Cientista político, foi pesquisador visitante no Massachussets Institute of Technology (MIT) e é doutorando na Universidade da Califórnia San Diego.

Ainda há um caminho democrático possível para o Partido Republicano americano? O carnaval fascista promovido por Donald Trump —que culminou, nesta semana, em Washington, numa quarta-feira de cinzas— provou que há uma ala ultraconservadora que não tem qualquer apego à democracia, às instituições e à lei —e que está disposta a abraçar a violência quando isso lhe convier politicamente.

É possível que seja um ponto de inflexão. Talvez os líderes do partido se vejam obrigados a alijar, de vez, os fascistas que hoje são parte importante de sua base. Mas não há motivo para otimismo.

Os republicanos têm se radicalizado de modo lento, porém constante, há seis décadas: desde que adotaram o racismo velado como plataforma política.

Apoiadores de Donald Trump durante invasão do Capitólio, em Washington
Apoiadores de Donald Trump durante invasão do Capitólio, em Washington - Joseph Prezioso - 6.jan.21/AFP

Donald Trump escancarou a porta para os fascistas, mas ela já vinha sendo aberta lentamente por gente como Richard Nixon e Ronald Reagan. Fechá-la novamente será quase impossível.

Há uma parte significativa do público americano que nunca aceitou a ideia de democracia. São os herdeiros daqueles que foram à Guerra de Secessão defender que negros eram propriedade, não gente. Os mesmos que, quando derrotados, implementaram o sistema legal de segregação racial que vigorou no Sul dos Estados Unidos até meados do século 20.

A aposta dos republicanos é conseguir abraçar essa gente sem se contaminar com sua imundície ideológica. Ganhariam os votos, mas manteriam os extremistas sob controle. A invasão do Capitólio na quarta-feira mostrou que são os fanáticos quem controlam o partido, e não o contrário.

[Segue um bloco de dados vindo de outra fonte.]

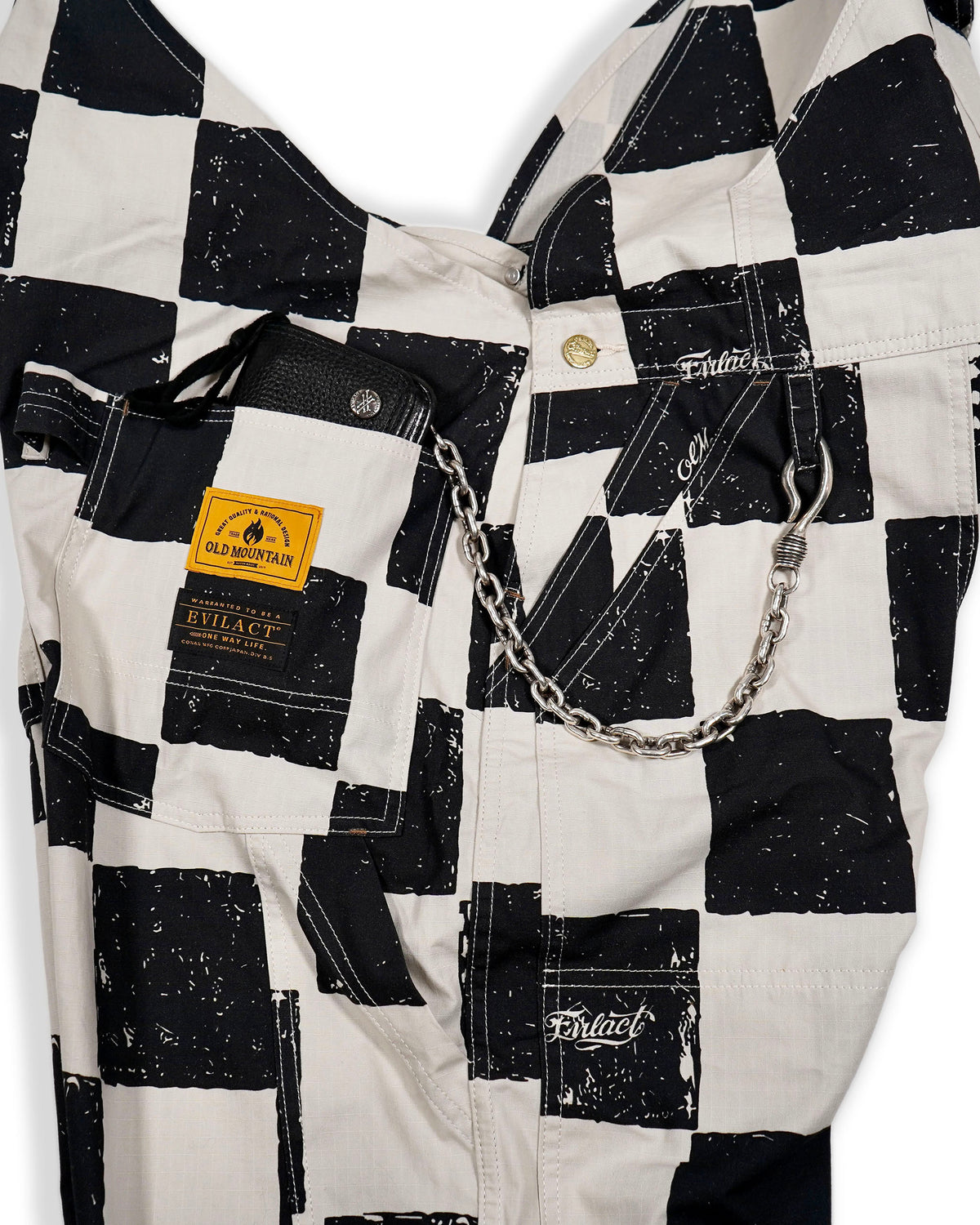 EVILACT x OLDMOUNTAIN EASY OVERALL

Trump tem o apoio inquestionável da maior parte dos eleitores republicanos. Entre 60% e 70% deles acham que a eleição lhes foi roubada. Por mais que intimamente abomine Trump e acredite de verdade na democracia, como um líder do partido pode se dar ao luxo de abdicar de 70% de seus eleitores?

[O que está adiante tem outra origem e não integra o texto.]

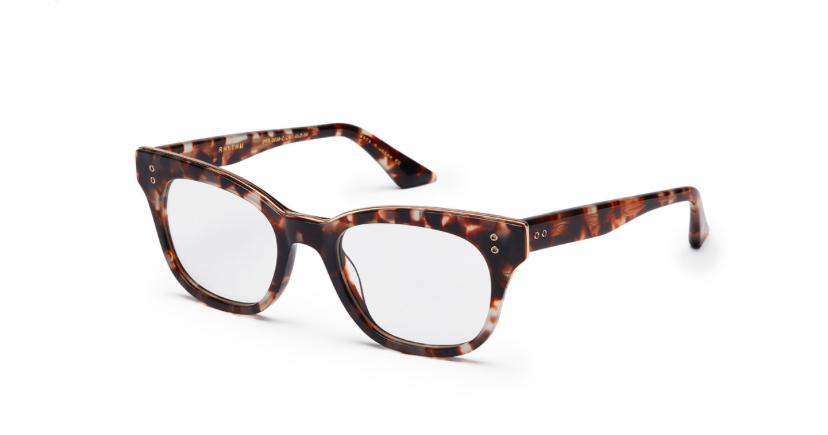 Leopard eyeglasses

Por trás do cálculo de todo político americano estão as eleições primárias —uma excrescência institucional, em que os afiliados (invariavelmente os mais radicais) determinam quem vai ser o candidato nas eleições propriamente ditas. Qualquer deputado ou senador que não for considerado trumpista o bastante pela base arrisca-se a perder a nomeação nas próximas primárias.

Talvez o leitor mais otimista aponte para o fato de que o Congresso acabou por certificar a vitória de Biden. Verdade, mas o fez a despeito de seis senadores republicanos e —pasmem— da maioria dos deputados do partido na Câmara.

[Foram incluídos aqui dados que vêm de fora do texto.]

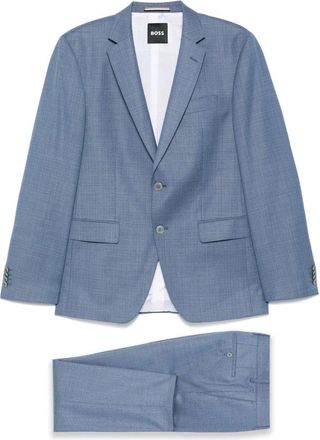 BOSS H HUGE 2 PIECE SUIT Size: 54, colour: BLUE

Deixem-me dizer isso novamente de outro modo, porque essa informação é tão grave que precisa ficar clara: mais da metade dos deputados republicanos se declarou a favor de reverter a vontade do eleitorado só porque sua base não aceita a derrota de Trump.

Há algum motivo de esperança. A vitória democrata foi significativa. É a primeira vez na história moderna dos Estados Unidos que um presidente de primeiro mandato não é reeleito enquanto, simultaneamente, seu partido perde o controle do Congresso.

Pode ser que a derrota faça com que o partido reavalie a trajetória de extremismo que tem adotado há mais de meio século. Por enquanto, porém, é uma esperança com pouca ou nenhuma base na realidade.